The patient remained on therapeutic argatroban alone until day 4 of admission. After minimal improvement, the patient preceded with mechanical thrombectomy of the IVC and placement of EKOS catheters for catheter-directed thrombolysis of the pulmonary arteries. Primary suction thrombectomy was performed of the IVC thrombus including the thrombus within the IVC filter utilizing the CATD Indigo® System (Penumbra, Alameda, California). Before the procedure, >50% of the filter volume was affected by the clot, which was then reduced to <30% of the filter volume after thrombectomy. Pulmonary arteries pressures were confirmed to be elevated at 50/18 mmHg with a mean of 33 mmHg. Two EKOS 12 cm infusion length catheters were positioned into the left and right lower lobar pulmonary arteries, and alteplase was infused through each catheter at 0.5 mg/h (total dose 1 mg/h) for approximately 18 h. The procedure was completed with no complications.
During thrombolysis, argatroban was reduced from the therapeutic rate of 2 mcg/kg/min to a flat rate of 0.5 mcg/kg/min. A reduced, flat rate was decided upon due to the increased risk of bleeding from the recent epidural injection. The rate of 0.5 mcg/kg/min was anticipated to result in lower aPTT values, but still provide levels above the patient’s baseline. After the reduction of the argatroban, aPTT values were drawn approximately 6 and 12 h later, which resulted as 26.2 and 43.9 s, respectively. A further argatroban dose reduction would have been considered if aPTT values resulted above approximately 55 s. Thrombolysis continued until the following morning and the venous sheaths were removed. Argatroban was increased to the previous therapeutic rate of 2 mcg/kg/min, which again achieved aPTT values within the patient’s goal within approximately 2 h of the rate increase.

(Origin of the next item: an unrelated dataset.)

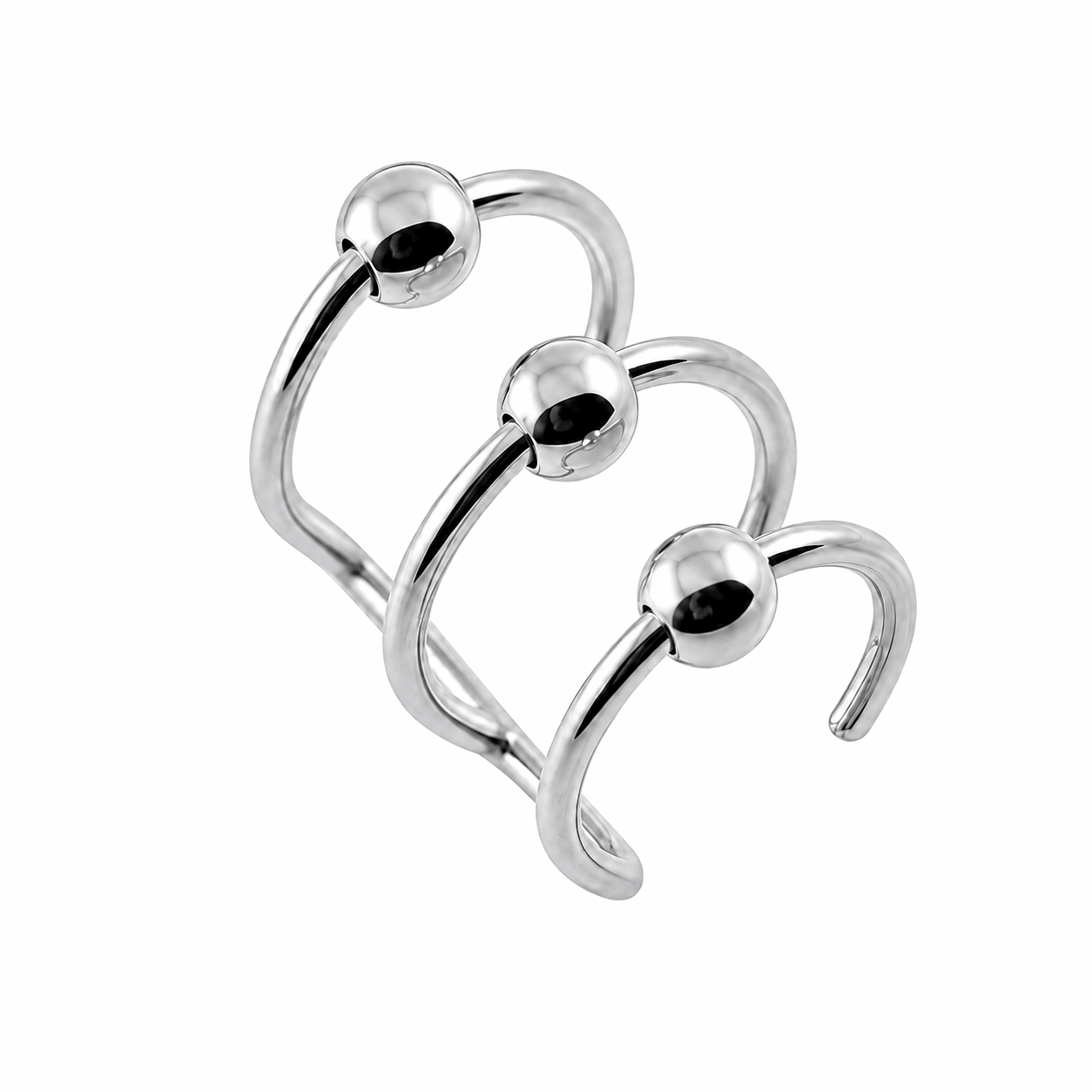 316L Surgical Steel Clip-On Bar Closure Ring for Ear & Lip Piercings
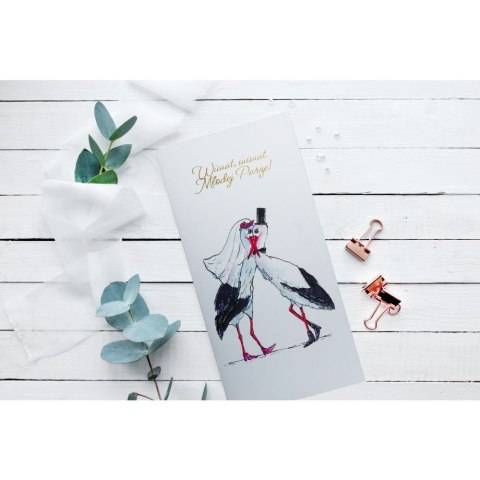 Kartka składana KARNET DL Slub BOCIANY DL Henry (5907465661867) Henry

On day 7, the patient’s IVC filter was removed since it still contained clot and posed a risk of inciting rethrombosis. The following day, the hematologist transitioned the patient to apixaban 10 mg oral twice daily for 7 days, followed by 5 mg oral twice daily indefinitely. The patient was discharged without any complications.
The SEATTLE II study was a prospective, single arm, multicenter trial that studied the safety and efficacy of catheter-directed therapy using EKOS in patients with acute submassive PE. Patients received 24 mg of tissue-plasminogen activator with a unilateral catheter (1 mg/h for 24 h) or bilateral catheter (1 mg/h/catheter for 12 h). Patients received intravenous unfractionated heparin with a target aPTT of 40–60 s while thrombolysis was infusing. Results showed decreased RV dilation and thrombus burden as well as minimal intracranial hemorrhage.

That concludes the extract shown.